__RAW DATA__:
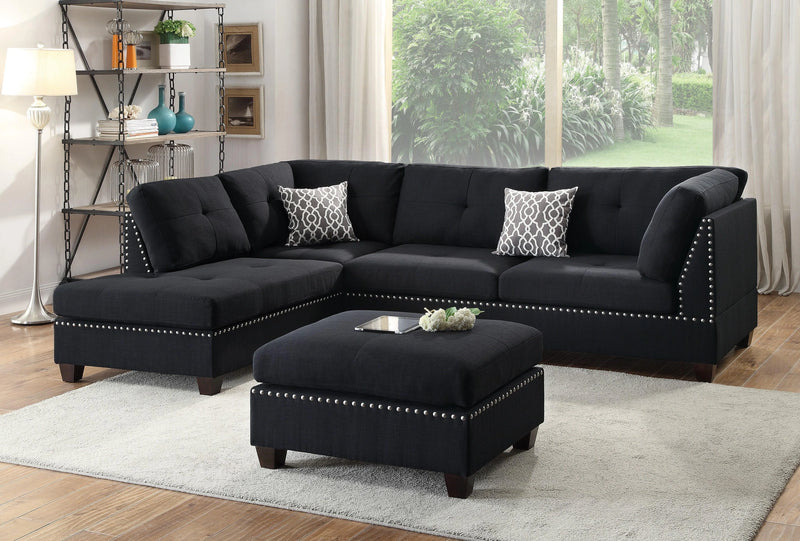 Haoind 3-Pcs Sectional Set W/2 Accent Pillows in Black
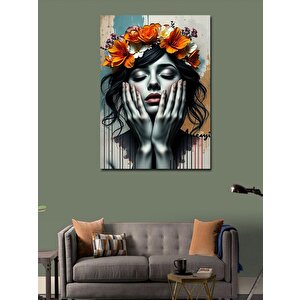 Kanvas Tablo Çiçek Taçlı Duygusal Kadın 100x140 cm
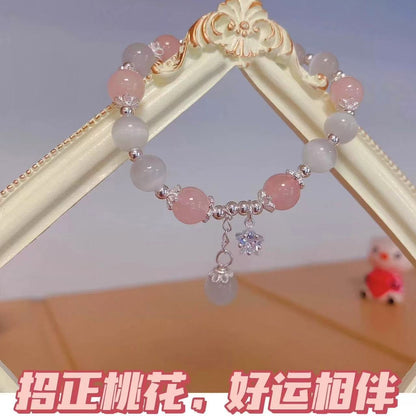 蝴蝶結鋯石水晶串珠琉璃手鏈新中式復古手串時尚百搭高級感手飾女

__TASK BRIEF__:
Every line between the one containing "Kanvas Tablo Çiçek" and the last line of the data above, both included, should be copied exactly, but not the pictures.

__SOLUTION__:
 Kanvas Tablo Çiçek Taçlı Duygusal Kadın 100x140 cm
 蝴蝶結鋯石水晶串珠琉璃手鏈新中式復古手串時尚百搭高級感手飾女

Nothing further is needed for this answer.